Table Joining

  • Hi guys,

    Just a quick question.

    Below I'm joining onto a table with a WHERE clause in two different ways and I'm wondering what is generally considered a "better" option. When I say better option, I mean an overall better option.

    First Way (Normal Way)


    SELECT A.FirstName, A.LastName, B.Location
    FROM TableA A
    LEFT OUTER JOIN TableB B
    ON A.PersonId = B.PersonId

    WHERE B.Location = 'London'

    Second Way (Joining onto a derived table)

    SELECT A.FirstName, A.LastName, GetLocation.Location
    FROM TableA
    LEFT OUTER JOIN (SELECT PersonId, Location FROM TableB WHERE Location = 'London')GetLocation
    ON A.PersonId = GetLocation.PersonId

    I as a beginner, somehow, started off by using the second way because I believed that joining onto a derived table "targeted" more specifically the columns I was interested in and that it "saved" scanning other columns.

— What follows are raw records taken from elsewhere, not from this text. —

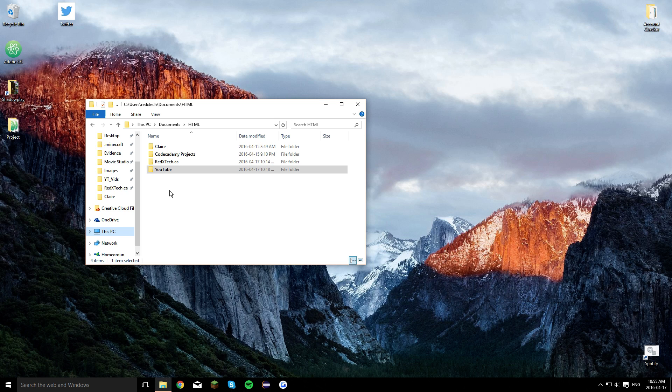What's up guys, Red X Tech here, and in this video I'm going to show you how to put music onto your web page and make it autoplay.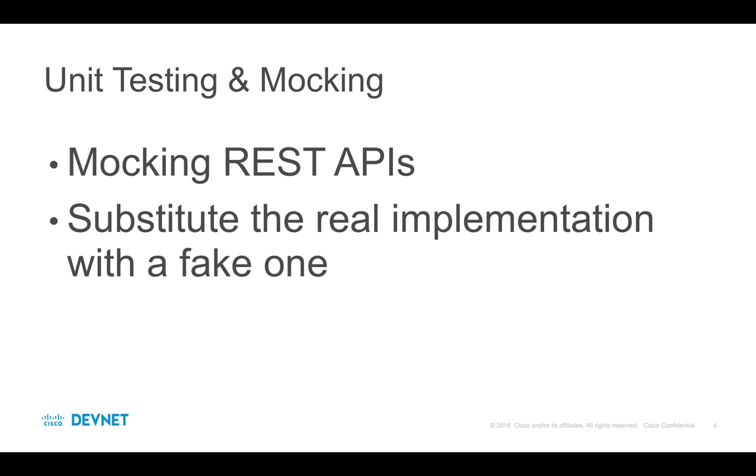Next, I want to talk about testing. I don't intend this to be a full tutorial on unit testing. Instead, I want to focus on mocking API calls with Python, or in Python. Okay, what is mocking?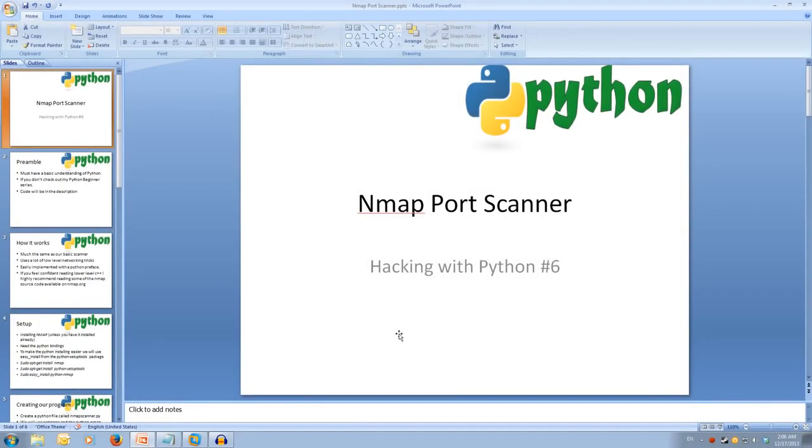Welcome to Hacking with Python 6, nmap port scanner. Every video will have all slideshows and code available in the description.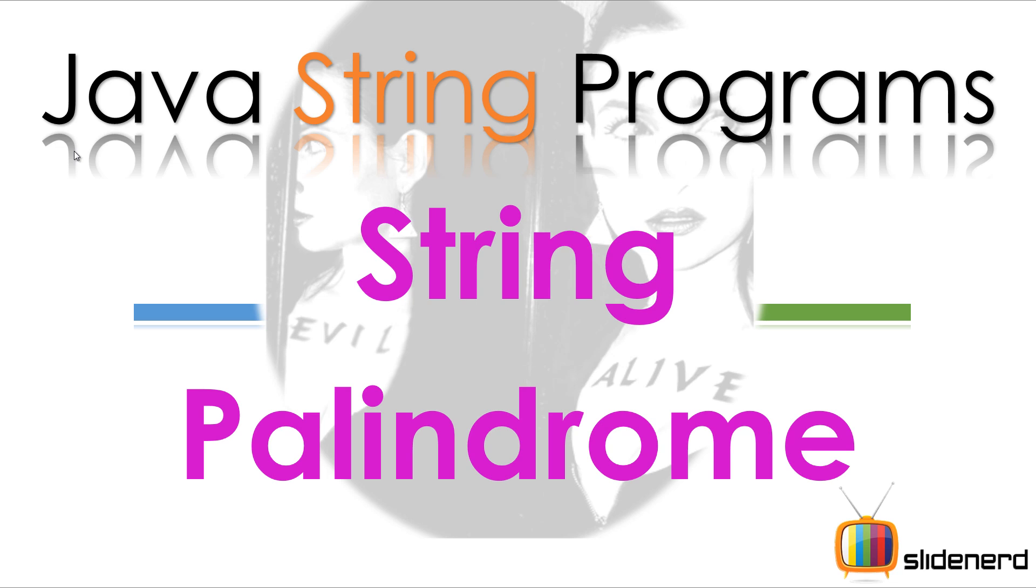Hello from SlideNerd and hello from Vibs. What's up folks? In this video I'm going to talk about something which is very common, which is about string palindrome.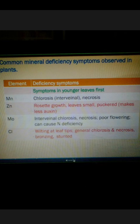For Chlorine, symptoms include wilting of leaves, necrosis at the tips, general necrosis and chlorosis, bronzing, and stunted growth of plants. In this way, we have seen the deficiency symptoms of particular minerals in plants. Thank you very much.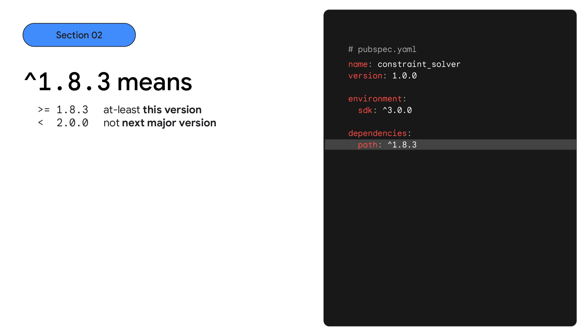It usually writes a caret constraint. The caret constraint is a shorthand for at least this version and less than the next major version — a quick way of saying this package needs version 1.8.3 or newer, but don't give us a new major version. Since breaking changes require a new major version, it should be safe to use any newer version up to the next major version.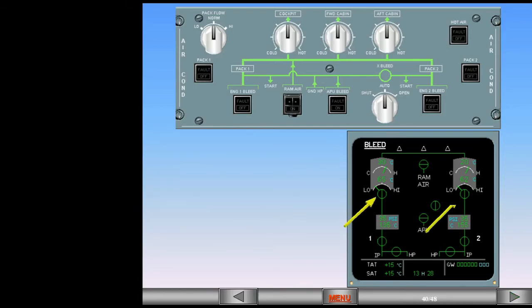Notice that the pack flow reduces. This is because the engines provide a higher flow rate than the APU. Also note that the air conditioning control panel is now in a normal, lights-out configuration.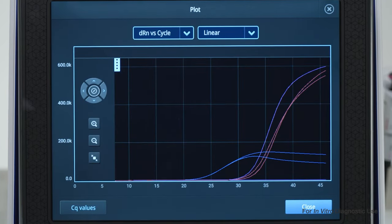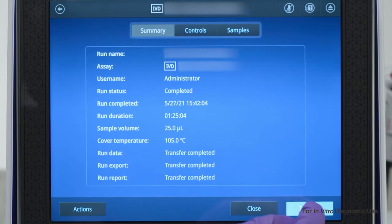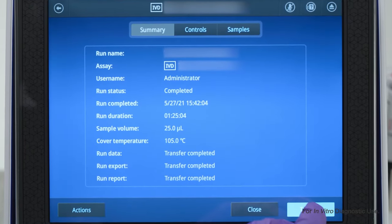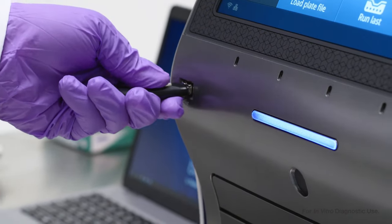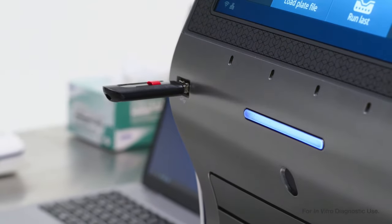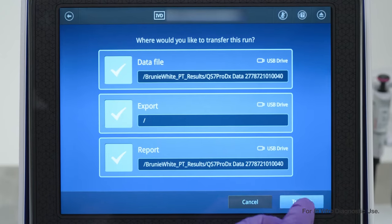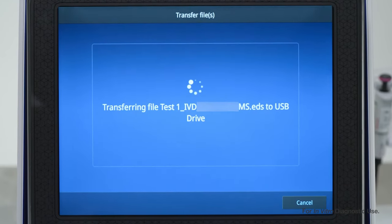Afterward, you can review results on the instrument, or you can customize export settings and export onto your local network or USB drive.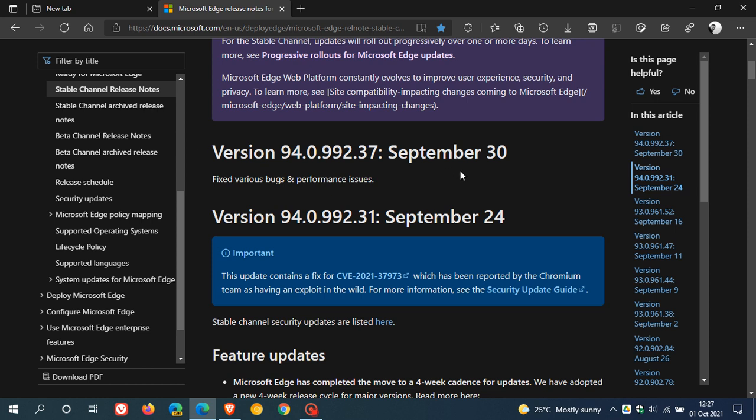Now although it just says you have fixed bugs and performance issues, because Microsoft Edge is also based on the open source Chromium platform just like Google Chrome, I'm quite certain that this point release .37 also contains those security fixes that were addressed in the Chrome web browser as well.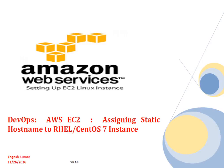Welcome to this session, friends. In this session, we are going to discuss assigning static hostname to Red Hat Enterprise Linux or CentOS 7 instance.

In other words I believed that being more explicit was better. Later on, I started using the first way. The first way seems to give me more flexibility if later on in my query I need the values of other columns. 

    Now I'm just confused. So between the first way and the second way, are there really any actual differences and if there are, what are they. Are they important differences? Does it matter which way I choose? What should I generally have in mind when performing joins?

    I'd appreciate some general feedback or perhaps some rules of thumb to keep in mind when performing joins. I've bought Itzik Ben Gans book on T-SQL Fundamentals Third Edition, read through the joins part and have generally understood the concept but things like the examples above are obviously things that probably need to be asked.

    Any feedback appreciated.

    Thanks guys.

  • NikosV - Thursday, September 20, 2018 12:56 PM

    Hi guys,

    Just a quick question.

    Below I'm joining onto a table with a WHERE clause in two different ways and I'm wondering what is generally considered a "better" option. When I say better option, I mean an overall better option.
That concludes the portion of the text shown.